There Is Only One Way The Second Amendment Can Be In Complete Accord...
...with the rest of the Constitution, and that is if it forbids the several states to infringe the RKBA as well as it forbids the Congress to infringe the RKBA.
I hear a lot of people touting that the 'Bill of Rights" only applied(applies) to the Union. No one has ever provided proof of that, other than for the obvious First Amendment prior to the Fourteenth Amendment.
The Second Amendment and the Tenth Amendment protect our right to keep and bear arms. First, per the Tenth, there is no power delegated to the federal government in the Constitution that would allow it to control the people's keeping and/or bearing of arms. Next, the Second Amendment - a prohibition on legislation that would infringe the people's right to keep and bear arms - would come under the heading of a power prohibited to the states as well as the federal government.
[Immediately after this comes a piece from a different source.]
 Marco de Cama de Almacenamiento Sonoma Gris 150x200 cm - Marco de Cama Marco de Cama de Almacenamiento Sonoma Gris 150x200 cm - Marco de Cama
Thirdly, Article I, Section 8, Clause (16), gives the Congress power to actually provide the militia - that's We the People who are not in the regular military services - with arms.
With that in mind, refer to Article I, Section 10, Clause 3 of the Constitution where it says, "No state shall, without the consent of Congress,.....,keep troops,..., in time of peace.
Now, to whom shall the federal government provide those arms if the states are forbidden to keep troops? Why, to the people, of course! The only force a state may hold is something authorized by Congress. However, the militia is to remain forever ready to be called forth by Congress as authorized by Article I, Section 8, Clause 15. And what comprises the militia? The people. This is still true even in the light of the National Defense Act of 1916 which provided for organizing a part of the militia to be held ready for employment in the service of the United States. That Act did neither eliminate the need for a well regulated militia nor has the Constitution been amended to cancel or to ignore or deny in any way that the militia exists. Now, that truth calls forth another undeniable truth.
THE MILITIA existed prior to the Constitution and any of the states. The militia is spoken of in the Constitution in that preexistent tense. The Constitution did not create the militia. None of the states created the militia. The Second Amendment did not create the militia. The Constitution only talks of arming, organizing, disciplining, and calling forth the militia. The Second Amendment protects the Right of the People to Keep and Bear Arms so that the militia might be well regulated (armed and trained) in their use to maintain freedom. And, again, who is the militia? The people.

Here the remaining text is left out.